To bring up the possible use of nuclear weapons in addition to invading another country is outrageous. It is an extremely dangerous situation.
Putin's orders came three days after Russian forces invaded Ukraine. It had been reported that Putin was getting frustrated, as military operations were not going the way he had hoped.
Even if intimidation is the purpose for mentioning nuclear weapons, if the course of the war changes for the worse for Russia, the risks rise dramatically. Putin has revealed that when Russia annexed Crimea eight years ago, he tried to mobilize nuclear forces.
In neighboring Belarus, which cooperated with Russia's invasion of Ukraine, a constitutional amendment that makes the deployment of nuclear weapons possible was approved. There is a chance that the nuclear threat will increase even further.
Russia's nuclear forces that are said to be combat-ready are capable of striking the West. This is likely an aim to retaliate against the West for its economic sanctions, including banning Russia from the SWIFT global financial system.
Putin has repeatedly said that Russia is a nuclear superpower, and at the same time has lowered the bar for the first use of nuclear weapons. There is a need for various countries to stand together against such dangerous speech.
And it was in the middle of all this that former Japanese Prime Minister Shinzo Abe made a statement that made us question what we were hearing. Abe said that there was a need to discuss the issue of nuclear sharing between Japan and the U.S., a policy that would allow the U.S. to deploy nuclear weapons to Japan.
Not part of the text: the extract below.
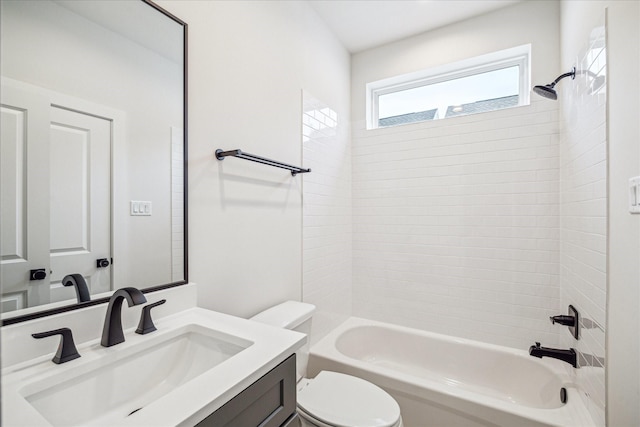 full bathroom featuring toilet, vanity, and bathtub / shower combination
Japan is the only country that has experienced nuclear bombings, and maintains the three nonnuclear principles of not producing, possessing or allowing nuclear arms on its territory. Not only would nuclear sharing go against this policy, but it would relinquish our national goal of abolishing nuclear weapons. It is only natural that Prime Minister Fumio Kishida immediately said that it would be unacceptable for Japan to make a nuclear sharing arrangement with the U.S.
What Japan should be pursuing is not to reinforce its dependence on nuclear weapons by taking advantage of a crisis. What Japan should be doing is evoking the idea of "a world without nuclear weapons" once again, and bringing the global community together.
If nuclear weapons are used, the post-World War II nuclear management system will fall apart. What will expand before us will be a world that is terrified of nuclear war.
What is being sought now is the international community's resolve not to let that happen.